The recent pullback of a number of buyout-related bond sales provides a timely reminder that financial market trends drive employment on Wall Street.
Of course, price action in stock and bond markets is notoriously difficult to predict. But because significant market shifts generally affect hiring only after a lag of several months or longer, turns in headcounts and even compensation often are predictable. If any market segment or asset class enters a sustained downturn, it's a good bet that Wall Street departments most exposed to that segment will retrench sooner or later.
Today, the growth of fixed-income headcounts in the U.S. is under pressure from a cyclical rise in interest rates and a housing market downturn that's hit mortgage-backed and asset-backed securities, notes Brad Hintz, financial services analyst at Sanford C. Bernstein.
If current problems in the credit market spill over to the equity market and merger activity, they would wash away the foundation beneath the current hiring boom in investment banking.
Stock Market, Dealmaking Show Resilience
That isn't happening yet. The U.S. stock market is holding near record highs. Both private equity and corporate buyers continue racking up deals, notwithstanding the bond market's hiccups. Just days after investor resistance forced underwriters to cancel or scale back private equity-related bond sales for four well-known companies, two of the largest buyouts ever hit the news: a $48.5 billion purchase of Canadian phone company BCE, and Blackstone's $26 billion deal for Hilton Hotels.
The deal parade continued Monday. Private equity behemoth Carlyle Group agreed to buy Sequa Corp. for $2.7 billion (a 54 percent premium above Friday's closing market value), and London-based CVC Capital Partners nailed its first big U.S. deal, a $2.2 billion purchase of chemicals distributor Univar. Carlyle also raised the target amount it seeks to raise from investors in its latest U.S. buyout fund, from $15 billion to $17 billion.

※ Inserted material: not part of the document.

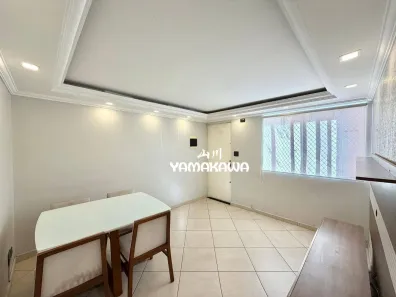 Apartamento com 2 Quartos à venda, 48m² no Conjunto Residencial José Bonifácio, São Paulo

Noting Carlyle's move and the July 3 IPO filing by long-time private equity kingpin Kohlberg Kravis Roberts, The Wall Street Journal's Dana Cimilluca observed, "With all that money in their coffers, private equity firms should be able to keep plowing money into deals even if financing conditions continue to deteriorate."
Warning Signals to Watch Out For
So, if the need for investment bankers isn't about to fall off the tracks, how can anyone determine when it is?
We suggest watching for any of these possible signs:
- A decline in major stock indices of greater than 10 percent, with no sign of a quick recovery.
- A broad pullback of liquidity in credit markets. That could show up as a cascade of cancelled bond deals, to a point where credit for LBOs became scarce enough to force buyout sponsors to cough up more equity on a regular basis.
- The Fed starts hiking rates again. Such a move probably would be preceded by a conspicuous strengthening of the economy, and/or an upturn in core inflation from its current 1.9 percent year-over-year pace, toward 2.5 percent.
- Surprise bankruptcy filings by one or more big-name companies.
- A major bank or investment bank suffering losses - whether from hedge fund exposure, corporate loans, subprime mortgages or some other source - whose magnitude is great enough to threaten its survival.
- A blowup involving a hedge fund that is severe enough to dent investors' buoyant mood toward hedge funds in general. By luring so many people from Wall Street through sky-high pay packages, these funds have contributed heavily to today's candidate-driven market. So if the hedge fund sector became less aggressive about hiring, investment bank compensation growth would probably slow.
For now, expect Wall Street's skies to remain sunny so long as business volumes, tied to uptrending stock markets and ample credit availability, stay healthy. When those markets eventually roll over, career advancement will become more challenging for most financial professionals, even though the job market will continue to look deceptively solid for awhile.